> Task requirements: The entries that follow should come back exactly, with no pictures among them.

> Material to process:
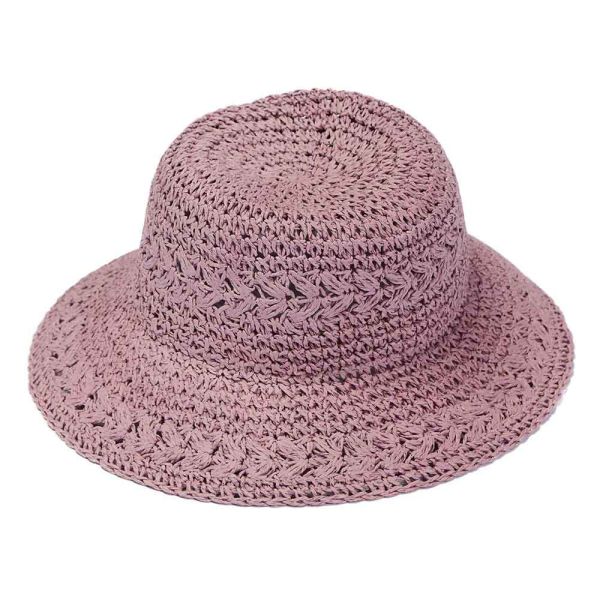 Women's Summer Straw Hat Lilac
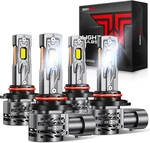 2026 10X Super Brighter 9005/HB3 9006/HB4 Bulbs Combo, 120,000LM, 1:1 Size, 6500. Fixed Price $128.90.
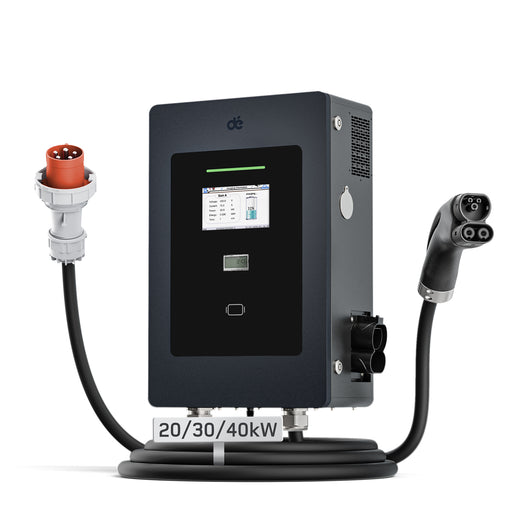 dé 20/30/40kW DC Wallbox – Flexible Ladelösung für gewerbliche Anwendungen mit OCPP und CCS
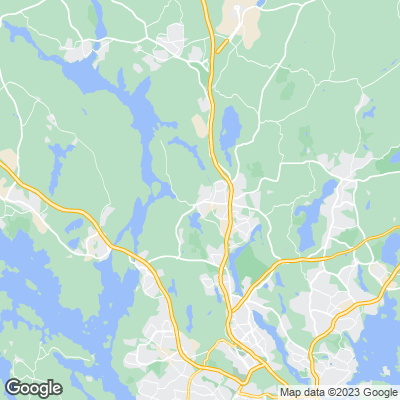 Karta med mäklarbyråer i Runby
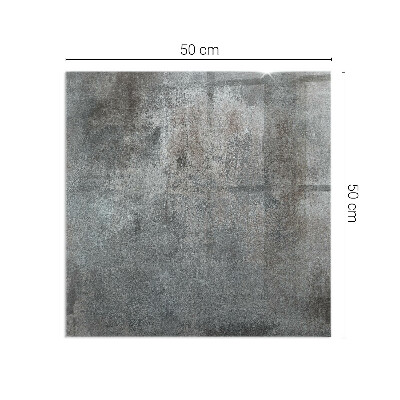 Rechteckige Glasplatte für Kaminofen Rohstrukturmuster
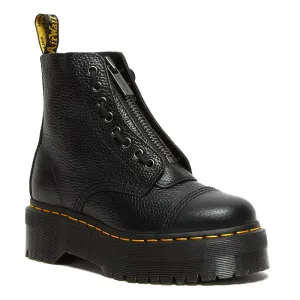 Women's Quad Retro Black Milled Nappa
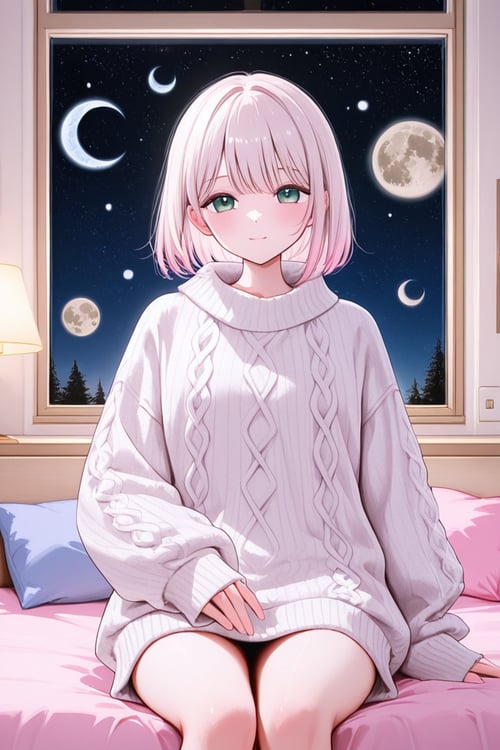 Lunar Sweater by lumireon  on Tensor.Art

> Solution to the problem:
 Women's Summer Straw Hat Lilac
 2026 10X Super Brighter 9005/HB3 9006/HB4 Bulbs Combo, 120,000LM, 1:1 Size, 6500. Fixed Price $128.90.
 dé 20/30/40kW DC Wallbox – Flexible Ladelösung für gewerbliche Anwendungen mit OCPP und CCS
 Karta med mäklarbyråer i Runby
 Rechteckige Glasplatte für Kaminofen Rohstrukturmuster
 Women's Quad Retro Black Milled Nappa
 Lunar Sweater by lumireon  on Tensor.Art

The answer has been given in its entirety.